■ **Work item**: Line by line, transcribe the listing below exactly.

■ **Study material**:

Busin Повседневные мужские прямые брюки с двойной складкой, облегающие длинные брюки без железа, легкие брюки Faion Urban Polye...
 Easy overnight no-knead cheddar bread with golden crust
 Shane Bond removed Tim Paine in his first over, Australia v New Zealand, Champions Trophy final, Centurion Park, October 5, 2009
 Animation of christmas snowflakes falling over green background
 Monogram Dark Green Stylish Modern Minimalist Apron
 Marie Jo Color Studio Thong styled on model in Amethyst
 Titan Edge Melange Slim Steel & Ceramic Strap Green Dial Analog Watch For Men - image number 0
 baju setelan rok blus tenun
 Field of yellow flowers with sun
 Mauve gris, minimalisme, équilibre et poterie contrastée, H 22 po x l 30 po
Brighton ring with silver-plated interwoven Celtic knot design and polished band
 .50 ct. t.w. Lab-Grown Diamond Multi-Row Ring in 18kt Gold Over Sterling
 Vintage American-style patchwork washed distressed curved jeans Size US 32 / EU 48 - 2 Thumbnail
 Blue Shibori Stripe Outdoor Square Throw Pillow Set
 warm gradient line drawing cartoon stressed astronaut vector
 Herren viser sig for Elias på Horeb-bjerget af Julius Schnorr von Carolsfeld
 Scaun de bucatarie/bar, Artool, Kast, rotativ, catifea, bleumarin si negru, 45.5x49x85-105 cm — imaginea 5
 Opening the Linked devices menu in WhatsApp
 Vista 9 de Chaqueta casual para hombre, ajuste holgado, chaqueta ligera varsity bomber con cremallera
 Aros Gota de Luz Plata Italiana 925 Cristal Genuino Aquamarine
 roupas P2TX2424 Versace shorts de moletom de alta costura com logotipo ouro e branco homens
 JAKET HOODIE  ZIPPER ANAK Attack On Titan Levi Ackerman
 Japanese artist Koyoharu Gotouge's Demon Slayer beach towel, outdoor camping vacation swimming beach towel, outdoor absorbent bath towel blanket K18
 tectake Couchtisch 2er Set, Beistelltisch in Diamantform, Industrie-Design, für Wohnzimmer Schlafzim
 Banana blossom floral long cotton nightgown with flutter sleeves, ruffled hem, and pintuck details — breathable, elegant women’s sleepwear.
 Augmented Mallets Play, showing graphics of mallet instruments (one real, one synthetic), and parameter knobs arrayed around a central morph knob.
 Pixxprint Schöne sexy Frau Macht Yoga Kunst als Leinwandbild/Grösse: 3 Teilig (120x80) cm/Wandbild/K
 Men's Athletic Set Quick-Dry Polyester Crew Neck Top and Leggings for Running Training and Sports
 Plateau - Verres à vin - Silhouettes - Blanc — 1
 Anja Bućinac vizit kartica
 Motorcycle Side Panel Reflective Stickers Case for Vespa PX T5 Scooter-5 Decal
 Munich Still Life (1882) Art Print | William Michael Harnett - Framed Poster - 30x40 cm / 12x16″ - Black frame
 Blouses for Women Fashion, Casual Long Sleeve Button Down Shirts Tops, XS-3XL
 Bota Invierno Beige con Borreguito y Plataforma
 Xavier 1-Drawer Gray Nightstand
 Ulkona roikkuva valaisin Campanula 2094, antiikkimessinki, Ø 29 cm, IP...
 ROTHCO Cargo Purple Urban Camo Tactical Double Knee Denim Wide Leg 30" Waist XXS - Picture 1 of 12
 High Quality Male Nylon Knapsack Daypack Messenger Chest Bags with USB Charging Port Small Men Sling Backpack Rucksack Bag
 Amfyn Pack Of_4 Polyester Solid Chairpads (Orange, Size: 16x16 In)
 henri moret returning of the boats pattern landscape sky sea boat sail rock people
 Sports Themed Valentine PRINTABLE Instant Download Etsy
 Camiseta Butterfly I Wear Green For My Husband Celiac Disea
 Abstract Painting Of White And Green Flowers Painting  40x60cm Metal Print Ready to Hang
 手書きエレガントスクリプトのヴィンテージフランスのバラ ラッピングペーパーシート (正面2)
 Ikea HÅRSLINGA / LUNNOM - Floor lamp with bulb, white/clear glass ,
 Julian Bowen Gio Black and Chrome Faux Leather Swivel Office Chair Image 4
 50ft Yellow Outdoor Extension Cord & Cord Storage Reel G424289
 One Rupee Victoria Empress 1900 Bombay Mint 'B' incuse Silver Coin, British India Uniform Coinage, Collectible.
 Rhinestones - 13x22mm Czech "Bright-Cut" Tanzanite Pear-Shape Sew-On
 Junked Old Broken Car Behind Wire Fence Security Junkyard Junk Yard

■ **Solution**:
Busin Повседневные мужские прямые брюки с двойной складкой, облегающие длинные брюки без железа, легкие брюки Faion Urban Polye...
 Easy overnight no-knead cheddar bread with golden crust
 Shane Bond removed Tim Paine in his first over, Australia v New Zealand, Champions Trophy final, Centurion Park, October 5, 2009
 Animation of christmas snowflakes falling over green background
 Monogram Dark Green Stylish Modern Minimalist Apron
 Marie Jo Color Studio Thong styled on model in Amethyst
 Titan Edge Melange Slim Steel & Ceramic Strap Green Dial Analog Watch For Men - image number 0
 baju setelan rok blus tenun
 Field of yellow flowers with sun
 Mauve gris, minimalisme, équilibre et poterie contrastée, H 22 po x l 30 po
Brighton ring with silver-plated interwoven Celtic knot design and polished band
 .50 ct. t.w. Lab-Grown Diamond Multi-Row Ring in 18kt Gold Over Sterling
 Vintage American-style patchwork washed distressed curved jeans Size US 32 / EU 48 - 2 Thumbnail
 Blue Shibori Stripe Outdoor Square Throw Pillow Set
 warm gradient line drawing cartoon stressed astronaut vector
 Herren viser sig for Elias på Horeb-bjerget af Julius Schnorr von Carolsfeld
 Scaun de bucatarie/bar, Artool, Kast, rotativ, catifea, bleumarin si negru, 45.5x49x85-105 cm — imaginea 5
 Opening the Linked devices menu in WhatsApp
 Vista 9 de Chaqueta casual para hombre, ajuste holgado, chaqueta ligera varsity bomber con cremallera
 Aros Gota de Luz Plata Italiana 925 Cristal Genuino Aquamarine
 roupas P2TX2424 Versace shorts de moletom de alta costura com logotipo ouro e branco homens
 JAKET HOODIE  ZIPPER ANAK Attack On Titan Levi Ackerman
 Japanese artist Koyoharu Gotouge's Demon Slayer beach towel, outdoor camping vacation swimming beach towel, outdoor absorbent bath towel blanket K18
 tectake Couchtisch 2er Set, Beistelltisch in Diamantform, Industrie-Design, für Wohnzimmer Schlafzim
 Banana blossom floral long cotton nightgown with flutter sleeves, ruffled hem, and pintuck details — breathable, elegant women’s sleepwear.
 Augmented Mallets Play, showing graphics of mallet instruments (one real, one synthetic), and parameter knobs arrayed around a central morph knob.
 Pixxprint Schöne sexy Frau Macht Yoga Kunst als Leinwandbild/Grösse: 3 Teilig (120x80) cm/Wandbild/K
 Men's Athletic Set Quick-Dry Polyester Crew Neck Top and Leggings for Running Training and Sports
 Plateau - Verres à vin - Silhouettes - Blanc — 1
 Anja Bućinac vizit kartica
 Motorcycle Side Panel Reflective Stickers Case for Vespa PX T5 Scooter-5 Decal
 Munich Still Life (1882) Art Print | William Michael Harnett - Framed Poster - 30x40 cm / 12x16″ - Black frame
 Blouses for Women Fashion, Casual Long Sleeve Button Down Shirts Tops, XS-3XL
 Bota Invierno Beige con Borreguito y Plataforma
 Xavier 1-Drawer Gray Nightstand
 Ulkona roikkuva valaisin Campanula 2094, antiikkimessinki, Ø 29 cm, IP...
 ROTHCO Cargo Purple Urban Camo Tactical Double Knee Denim Wide Leg 30" Waist XXS - Picture 1 of 12
 High Quality Male Nylon Knapsack Daypack Messenger Chest Bags with USB Charging Port Small Men Sling Backpack Rucksack Bag
 Amfyn Pack Of_4 Polyester Solid Chairpads (Orange, Size: 16x16 In)
 henri moret returning of the boats pattern landscape sky sea boat sail rock people
 Sports Themed Valentine PRINTABLE Instant Download Etsy
 Camiseta Butterfly I Wear Green For My Husband Celiac Disea
 Abstract Painting Of White And Green Flowers Painting  40x60cm Metal Print Ready to Hang
 手書きエレガントスクリプトのヴィンテージフランスのバラ ラッピングペーパーシート (正面2)
 Ikea HÅRSLINGA / LUNNOM - Floor lamp with bulb, white/clear glass ,
 Julian Bowen Gio Black and Chrome Faux Leather Swivel Office Chair Image 4
 50ft Yellow Outdoor Extension Cord & Cord Storage Reel G424289
 One Rupee Victoria Empress 1900 Bombay Mint 'B' incuse Silver Coin, British India Uniform Coinage, Collectible.
 Rhinestones - 13x22mm Czech "Bright-Cut" Tanzanite Pear-Shape Sew-On
 Junked Old Broken Car Behind Wire Fence Security Junkyard Junk Yard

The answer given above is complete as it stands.